8 Grammatical blunders that writers commit unknowingly!

It is important to write without committing any grammatical errors. When you receive a letter or email with grammatical errors and typos in it, do you take it seriously? Probably not. Any written document, email and letter with typos and grammatical errors in it will create problems for you. E-mails are so quick and easy to write and send, that we do not give any attention to it. And that may cost us a lot. We commit a lot of grammatical blunders unknowingly. Committing grammatical blunders while writing content is a grave mistake, and it may impact your content marketing business negatively.

Content writing is a budding stream and there are numerous possibilities for growth in this business. Good content is needed in every business today, for websites, social media marketing, and publishing. There is no space for grammatical blunders. Everyone needs grammatically correct content without any typos. Writers should try and avoid any such mistakes while writing content for content marketing. To save oneself from such errors, one must be aware of it. Here is the list of 8 most common blunders that writers commit unknowingly :

  • They’re vs. Their vs. There

The most common grammatical mistake that people make is the use of wrong words in the sentences. Writers often get confused between ‘They’re’, ‘Their’, and ‘There’. They often misuse these words and juggle them up with each other. So, understanding the difference between all the three, and implementing it in your writing is important to avoid grammatical errors.

‘They’re’ is a contraction of ‘“They are”, Their refers to something owned by a group, and there refers to a place. Now that you know the difference between the three, just make sure that you use them correctly.

  • Your vs. You’re

Writers often commit this grammatical blunder and confuse between the two while writing. The difference between the two is owning something versus actually being something. ‘Your’ is possessive and it means owning something, on the other hand, ‘You’re’ is a contraction of “You are”. The meaning of two words is completely different, but they look similar and that creates the confusion in the mind of the writer and readers. It is very important for the writer to make sure that they’re using the right word at the right place.

  • Its vs. It’s

This one tends to confuse even the best of writers. Writers often get confused between Its and It’s, and commit the mistake of using the wrong one in a sentence. They should avoid such mistakes at all costs. Its is possessive and It’s is a contraction of “It is”. Both the words look alike but they have very different meanings.  

  • Affect vs. Effect

You would believe that you understand the difference between these until it comes time for you to use one in a sentence. Most people confuse them when they’re talking about ‘something bringing about a change in another thing’. ‘Effect’ will be used as a noun, when you’re talking about the change itself. ‘Affect’ will be used as a verb, when you’re talking about the act of changing. Understanding the play of verb and noun is important here. Writers should keep the context of the sentence in mind while using affect or effect.  

  • Who vs. Whom vs. Whose vs. Who’s

All these words look alike, and their similar looks play an important role in confusing the writer. So, let’s break it down. Who is used to identify a living pronoun. Whom is a little trickier. It’s usually used to describe someone who’s receiving something, but it can also be used to describe someone on the receiving end of an action. Whose is used to assign ownership to someone. Who’s is a contraction of “who is”, it is used to identify a living being.
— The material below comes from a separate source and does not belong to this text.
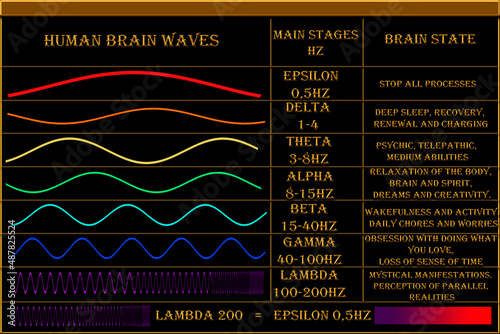 Human brain waves. Basic levels of brain wave frequencies. Processes and states of the brain.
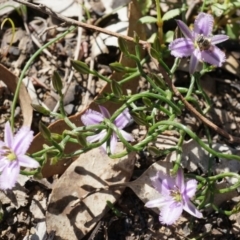 Thysanotus patersonii at Canberra Central, ACT - 6 Oct 2014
  • Peek vs. Peak vs. Pique

Writers know what these words mean, but the look of these words can easily trick the writer to commit a grammatical blunder. Peek means taking a quick look at something, Peak is a sharp point, and Pique means to provoke or instigate. The only way to use the right word at the right place is to pay attention to details. If you’re using any of these words in your writing, wait and think for a moment.

  • Lose vs. Loose

Writers often mix up Lose and Loose, just because they’re spelled so similarly. Writers understand that the meaning of both the words is completely different but unknowingly commit an error by using the wrong word in a sentence. Lose is a verb that means to ‘unable to find something or someone’, to ‘fail to win’, or to ‘fail to keep’. On the other hand, Loose is an adjective that refers to something not tightly fastened or held.

  • Compliment vs. Complement

The reason writers get confused between these two words is that these words have the same pronunciation. Same pronunciation makes them easy to be mixed up. The word compliment refers to an expression of praise, as a noun or to express admiration for someone as a verb. Complement, on the other hand, means that if something “complement” something else, then it completes it, or enhances it. It’s a little tricky to understand, using these words is even trickier. Writers should use these words carefully in the proper context and at the right places.          

These common grammatical blunders can be avoided if one pays enough attention and has the proper knowledge of these words and their implementation. Follow the guidelines given above and you will never commit these mistakes again.